I found this thread hoping for some actual arguments, but the answers I've seen here didn't help me all that much. After some more research and thinking I think the following has to be considered:
public final looks cleanest for immutable types.
Mutable types could be altered by accessors even if this is not intended - in concurrent environments this could lead to a lot of headaches.
There can be no no-arguments constructor. This is importent if you need factory methods (e.g. for LMAX Disruptor). In a similar way instantiating your objects via reflection becomes more complicated.
Getters and setters can have side effects. Using public final clearly tells the programmer that no hidden magic is occuring and the object is inherently dumb :)
You can't return a wrapper or a derived class instance to the accessor. Then again, this is something you should know about when the field is assigned its value. In my opinion container classes should not be concerned about what to return to whom.
If you're mid development and no guideline is stopping you and the project is isolated or you have control over all involved projects I'd suggest using public final for immutable types. If you decide you need getters later on, Eclipse offers Refactor -> Encapsulate Field... which automatically creates these and adjusts all references to the field.
I use the public-final-field (anti?)pattern on home projects for classes which are basically an immutable data structure with a constructor, along with absolute basics like equals(), hashCode(), toString(), etc. if required. (I'm avoiding the word "struct" because of the various different language interpretations of it.)
I wouldn't bring this approach to someone else's codebase (work, public project, etc) because it would likely be inconsistent with other code, and principles like When In Rome or Least Surprise take priority.

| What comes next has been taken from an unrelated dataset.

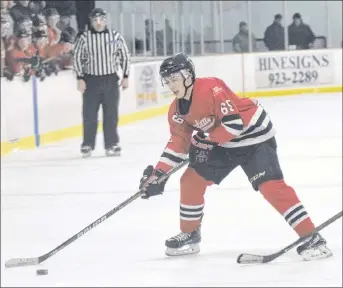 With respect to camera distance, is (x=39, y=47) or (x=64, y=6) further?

That said, with regard to Daniel C. Sobral's and aioobe's answers, my attitude is that if the class design becomes a problem because of unforeseen developments, it's the work of 30 seconds in an IDE to privatise the fields and add accessors, and no more than 5 or 10 minutes to fix broken references unless there are hundreds of them. Anything that fails as a result gets the unit test it should have had in the first place.:-)
[Edit: Effective Java is quite firmly against the idea, while noting that it's "less harmful" on immutable fields.]
Forget about encapsulation, immutability, optimization and all other big words. If you are trying to write good java code, I would recommend you just use getter simply because it is java friendly, and most importantly it saves ton of time googling why.
For example, you probably would not expect using streams when you write the code, but later you found
listOfImmus.stream().map(immu -> imm.foo).collect(Collectors.toSet()); // with field
listOfImmus.stream().map(Immu::getFoo).collect(Collectors.toSet()); // with getter
Supplier<String> s = () -> immu.foo; // with field
Supplier<String> s = immu::foo; // with getter
// final fields are hard to mock if not impossible.
Mockito.when(immuMock.getFoo()).thenReturn("what ever");
//one day, your code is used in a java Beans which requires setter getter..
¯\_(ツ)_/¯
This list can be long or short or may be none of them makes any sense to your use case. But you have to spend time convincing yourself (or your code reviewers) why you can or should rebel against java orthodoxy.
It is better to just write the getter/setter and spent the time for something more useful: like complaining java
Since Java 16, you can use records.
public record Immu(String foo, String bar) {}
All of a record's attributes are automatically final and it automatically has methods like equals(…) and toString() and the constructor.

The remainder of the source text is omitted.